[CentOS] filesystem corruption?

Mon Apr 6 21:37:04 UTC 2015
m.roth at 5-cent.us <m.roth at 5-cent.us>

Got an older server here, running CentOS 6.6 (64-bit). Suddenly, at
0-dark-30 yesterday morning, we had failures to connect.

After several tries to reboot and get working, I tried yum update, and
that failed, complaining of an python krb5 error. With more investigation,
I discovered that logins were failing as there was a problem with pam;
this turned out to be it couldn't open /lib64/security/pam_permit.so. The
reason for that was that it was a broken symlink, pointing to a file in
the same directory, that actually existed in the /lib64. Checking other
systems, I found it should, in fact, be a file, not a symlink.

At this point, the system was considered suspect. I brought the system
down, replaced the root drive, and rebuilt. I was not able to build it as
CentOS 7, as something in the older hardware broke the install. CentOS 6
built successfully, and the server was returned to service.

I then loaded the drive in another server, and examined it. fsck reported
both / and /boot were clean, but when I redid this with fask -c, to check
for bad blocks, it found many multiply-claimed blocks.

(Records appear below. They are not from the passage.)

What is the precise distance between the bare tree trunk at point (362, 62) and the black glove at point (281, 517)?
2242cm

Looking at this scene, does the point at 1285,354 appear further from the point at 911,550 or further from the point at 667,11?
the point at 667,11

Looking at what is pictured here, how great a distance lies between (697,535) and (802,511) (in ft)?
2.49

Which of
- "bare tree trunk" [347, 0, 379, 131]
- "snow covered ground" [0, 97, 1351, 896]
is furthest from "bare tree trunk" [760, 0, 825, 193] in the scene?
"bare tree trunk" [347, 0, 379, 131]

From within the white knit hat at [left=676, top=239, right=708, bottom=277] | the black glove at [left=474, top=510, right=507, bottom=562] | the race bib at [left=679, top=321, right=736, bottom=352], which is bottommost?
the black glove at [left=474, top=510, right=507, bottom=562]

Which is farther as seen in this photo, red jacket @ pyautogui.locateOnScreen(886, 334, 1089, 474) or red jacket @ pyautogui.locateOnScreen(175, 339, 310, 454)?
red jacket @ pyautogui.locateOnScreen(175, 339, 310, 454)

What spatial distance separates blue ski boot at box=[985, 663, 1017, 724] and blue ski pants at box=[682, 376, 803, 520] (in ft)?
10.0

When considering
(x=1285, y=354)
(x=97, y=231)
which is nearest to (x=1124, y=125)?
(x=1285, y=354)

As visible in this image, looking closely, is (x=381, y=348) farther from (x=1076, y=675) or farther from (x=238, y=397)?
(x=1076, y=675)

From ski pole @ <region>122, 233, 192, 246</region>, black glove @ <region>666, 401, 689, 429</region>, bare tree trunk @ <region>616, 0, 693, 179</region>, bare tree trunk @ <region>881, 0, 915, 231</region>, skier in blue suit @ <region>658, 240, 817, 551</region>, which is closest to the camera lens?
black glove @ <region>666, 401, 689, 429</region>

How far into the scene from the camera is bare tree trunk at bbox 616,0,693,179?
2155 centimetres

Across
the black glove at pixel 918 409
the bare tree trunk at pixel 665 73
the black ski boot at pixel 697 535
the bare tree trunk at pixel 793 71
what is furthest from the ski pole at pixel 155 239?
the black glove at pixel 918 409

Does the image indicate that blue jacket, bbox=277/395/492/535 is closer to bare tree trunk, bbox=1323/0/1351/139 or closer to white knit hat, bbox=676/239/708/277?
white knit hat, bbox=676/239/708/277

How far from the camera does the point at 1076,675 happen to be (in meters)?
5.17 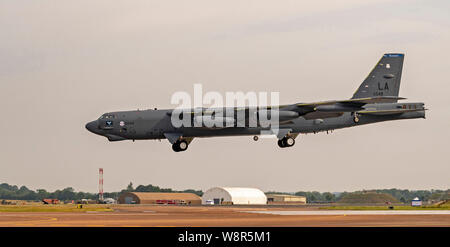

First question: anyone have an idea why it showed as clean, until I
checked for bad blocks? Would that just be because I'd gracefully shut
down the original server, and it mounted ok on the other server?

Mounting it on /mnt, I found no driver errors being reported in the logs,
nor anything happening, including logons, before an automated contact from
another server, which failed. AND I checked our loghost, and nothing odd
shows there, neither in message nor in secure.

At this point, I *think* it's filesystem corruption, rather than a
compromised system, but I'd really like to hear anyone's thoughts on this.

      mark